# Tr100 help?



## sup2jzgte (Oct 7, 2006)

Hey I need some help because I just fried my USB card reader.  I just got the following case and PSU http://www.newegg.com/Product/Product.asp?Item=N82E16811190080


well I took my Compaq 4410US motherboard which is a TR100 and put it in there.  Well Everything was fine until I plugged in my USB card reader into the front USB ports.  The minute I did I heard pop and smoke coming from the Reader.  I'm not sure what happened, but I have a good feeling that I hooked it up wrong but the case nor the mother board has any info on what pin is what.  anyone have any ideas?  I contacted HP support, but they are useless.


----------



## ADE (Oct 7, 2006)

man that got to suck....I remember one time I switched the red switch on the back of my PSU and then the computer caught on fire!......I flipped the emergency shut off on the back.....never do that again........


----------



## sup2jzgte (Oct 7, 2006)

ADE said:


> man that got to suck....I remember one time I switched the red switch on the back of my PSU and then the computer caught on fire!......I flipped the emergency shut off on the back.....never do that again........



HA HA OUCH!!! That was MUCH worse that me, I mean the memory reader is $80, but I got it for free.  I'm just afraid to plug anything else into it.


----------



## ADE (Oct 7, 2006)

Word of advice, not all fire extinguishers actually put out fires....Accidentally started with a toy water spray one from Halloween (damn thing looks to real) water + electric fire = some wild ass freaky shit.....then I worked up to a real one.....Still not a good idea.
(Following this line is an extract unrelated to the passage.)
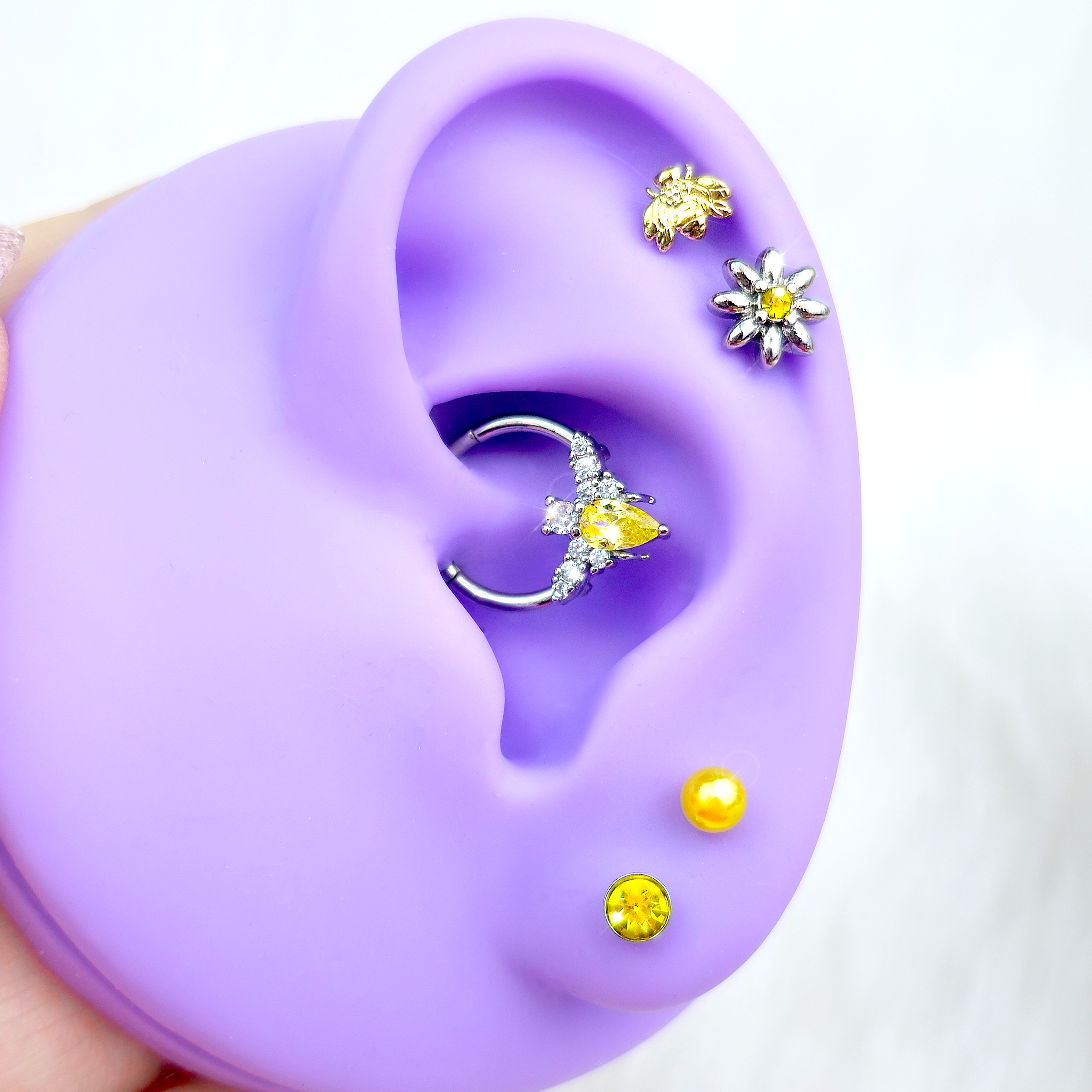 BodyCandy 16G Yellow Gem Bee Flower Labret Segment Ring Ear Curation Set of 5 — detail close-up
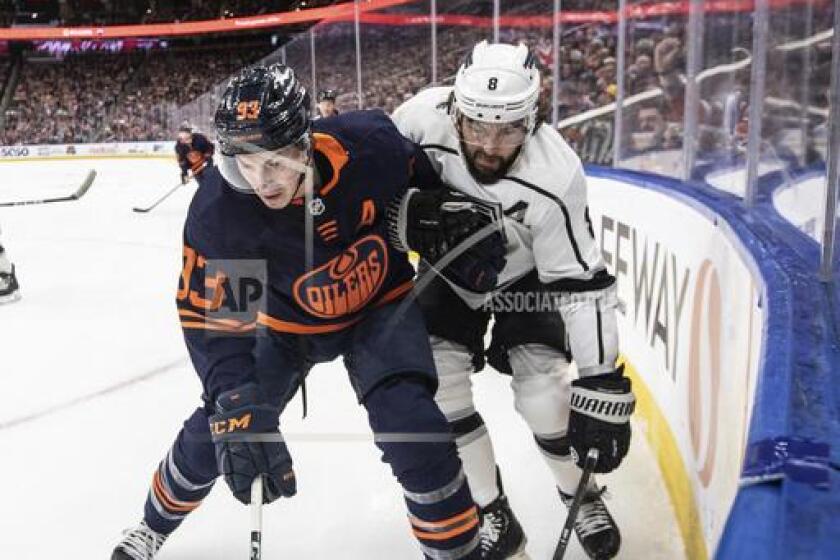 Los Angeles Kings' Drew Doughty (8) and Edmonton Oilers' Ryan Nugent-Hopkins (93) vie for the puck during the second period of an NHL hockey game Thursday, March 28, 2024, in Edmonton, Alberta. (Jason Franson/The Canadian Press via AP)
The I shut it off with a flip of a switch. When I did that the fire went away. When it was out my brother called the fire depot and I told him that it was out about 1 1/2 minutes ago......I guess you can't OC a computer from 6 years ago......


----------



## sup2jzgte (Oct 7, 2006)

ADE said:


> Word of advice, not all fire extinguishers actually put out fires....Accidentally started with a toy water spray one from Halloween (damn thing looks to real) water + electric fire = some wild ass freaky shit.....then I worked up to a real one.....Still not a good idea. The I shut it off with a flip of a switch. When I did that the fire went away. When it was out my brother called the fire depot and I told him that it was out about 1 1/2 minutes ago......I guess you can't OC a computer from 6 years ago......




Well I hope you learned your lesson......YOU NEED FOAM FOR ELECTRIC FIRES!!!


----------



## StrangleHold (Oct 7, 2006)

sup2jzgte said:


> Hey I need some help because I just fried my USB card reader. I just got the following case and PSU http://www.newegg.com/Product/Product.asp?Item=N82E16811190080
> 
> 
> well I took my Compaq 4410US motherboard which is a TR100 and put it in there. Well Everything was fine until I plugged in my USB card reader into the front USB ports. The minute I did I heard pop and smoke coming from the Reader. I'm not sure what happened, but I have a good feeling that I hooked it up wrong but the case nor the mother board has any info on what pin is what. anyone have any ideas? I contacted HP support, but they are useless.


 
The wires might not be the same color but thats the layout






or



*Click on Examples Below for Larger View* 
*Example A *(top) *Motherboard Design*
*Motherboard Cable Installation
*(NOTE COLOR CODE)


​

*Example B *(top)​

*Motherboard Design*

*Motherboard Cable Installation
*(NOTE COLOR CODE)






*Example C *(top)​

*Motherboard Design*

*Motherboard Cable Installation
*(NOTE COLOR CODE)


​

 *Example D *(top)​

*Motherboard Design*

*Motherboard Cable Installation
*(NOTE COLOR CODE)





​​


----------



## sup2jzgte (Oct 7, 2006)

StrangleHold said:


> The wires might not be the same color but thats the layout
> 
> 
> 
> ...





Thank you I try that and see if it works


----------



## ADE (Oct 7, 2006)

sup2jzgte said:


> Well I hope you learned your lesson......YOU NEED FOAM FOR ELECTRIC FIRES!!!


 FOAM??????? THATS WHAT I NEEDED???? OH I AM SO GOING TO KILL THAT ELECTRSTION!!! DARN GEEK SQUAD SAID OC'ING IS COMPEATLY SAFE!!! NEVER LISTEN TO THOSE GUY!!!! EVER!!!


----------



## sup2jzgte (Oct 7, 2006)

ADE said:


> FOAM??????? THATS WHAT I NEEDED???? OH I AM SO GOING TO KILL THAT ELECTRSTION!!! DARN GEEK SQUAD SAID OC'ING IS COMPEATLY SAFE!!! NEVER LISTEN TO THOSE GUY!!!! EVER!!!



There was your first mistake, you listened to the tongue in cheek squad.  NEVER listen to them and NEVER you water on electric fires


----------